*** Records to use ***

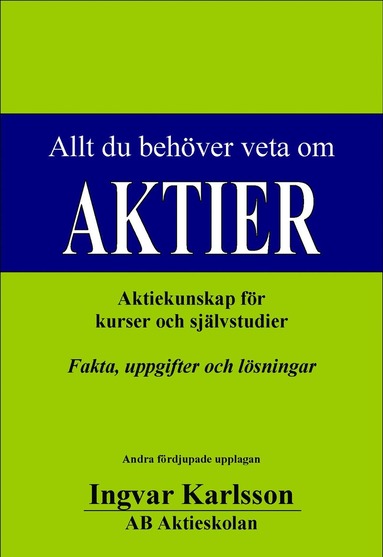Allt du behöver veta om aktier (pocket)
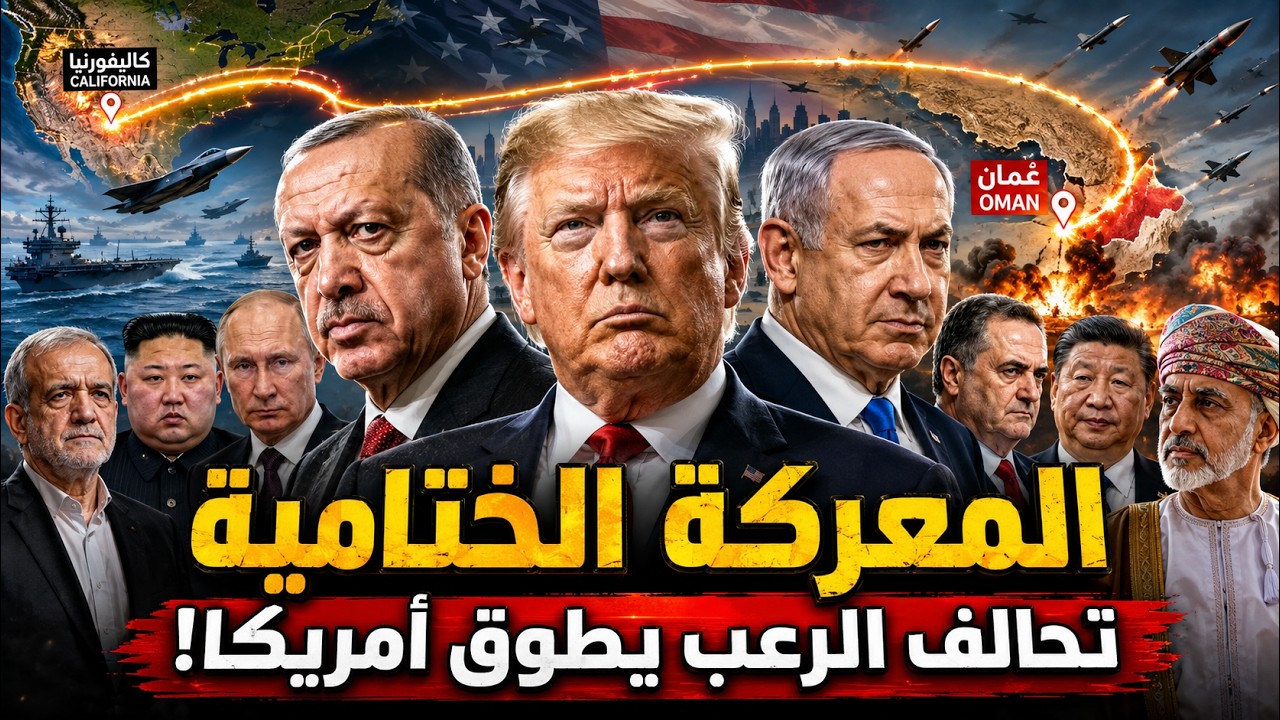 [المعـركة الختامية] إسرائيل تتـوعد أردوغان.. و"تحالف الرعـب" يطوق أمريكا من عُمان إلى كالي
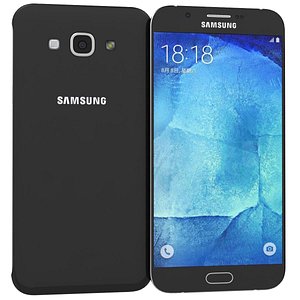 3ds max samsung galaxy a8 black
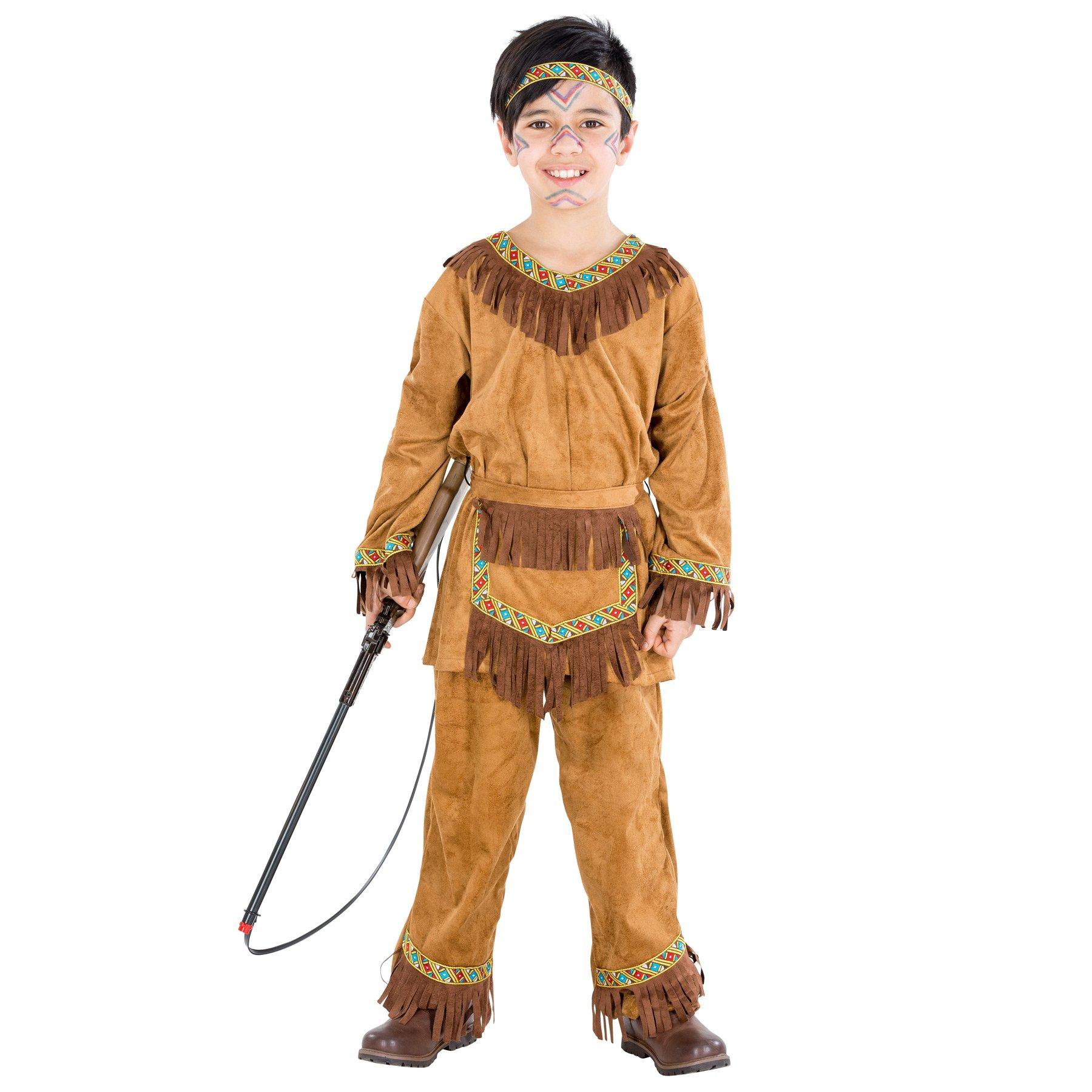 Tectake  Costume pour garçon indien Petit Ours 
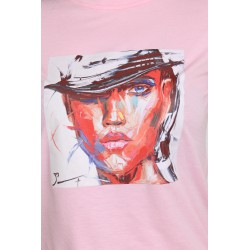 Tricou dama bumbac Portrait 1485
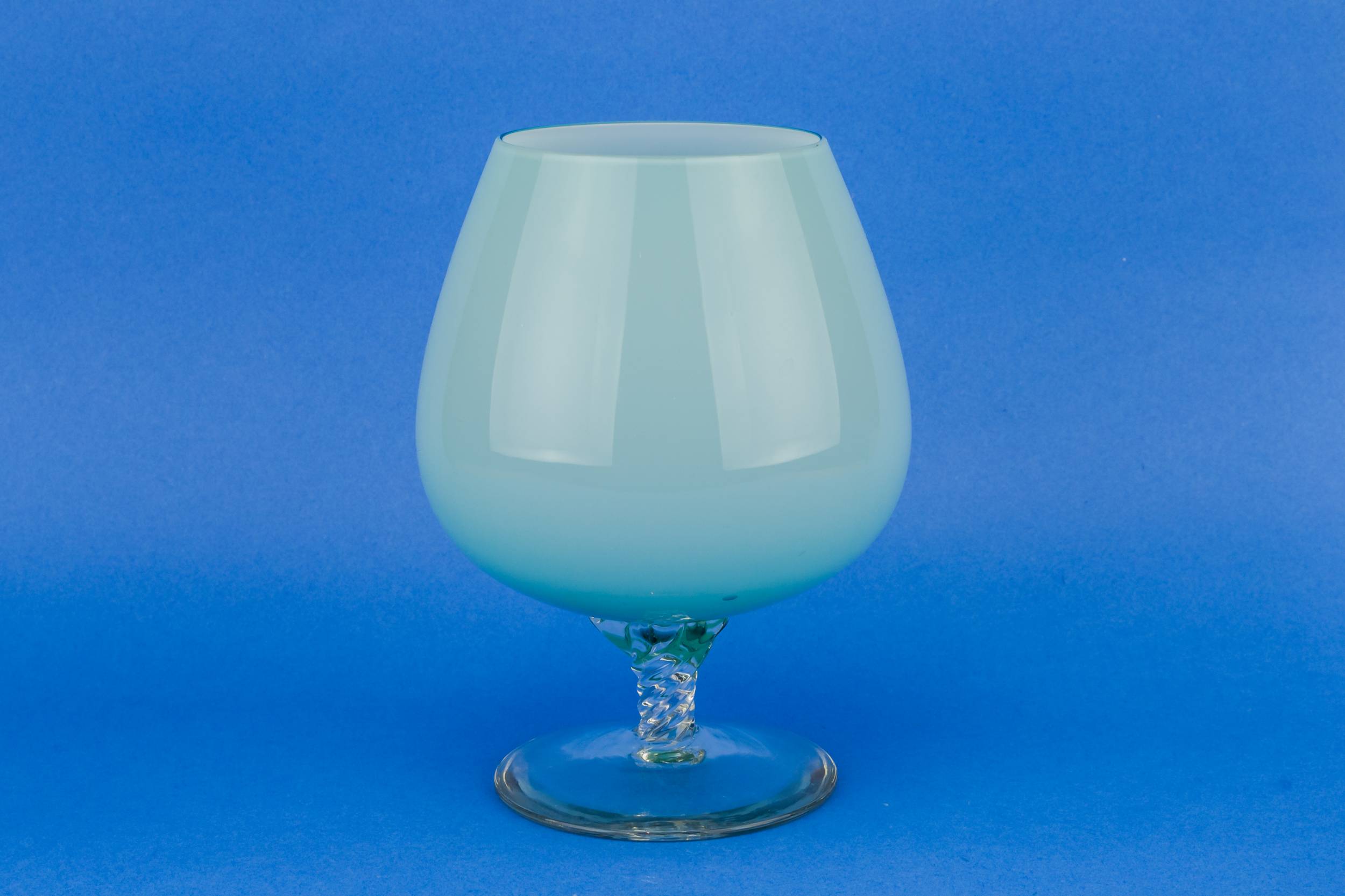 Vintage Modernist Glass — Milky glass decorative bowl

***

Exercise brief
Output exactly the lines from the one that has "Tricou dama bumbac Portrait 1485" through the end of the data. Do not include pictures.

Task result
 Tricou dama bumbac Portrait 1485
 Vintage Modernist Glass — Milky glass decorative bowl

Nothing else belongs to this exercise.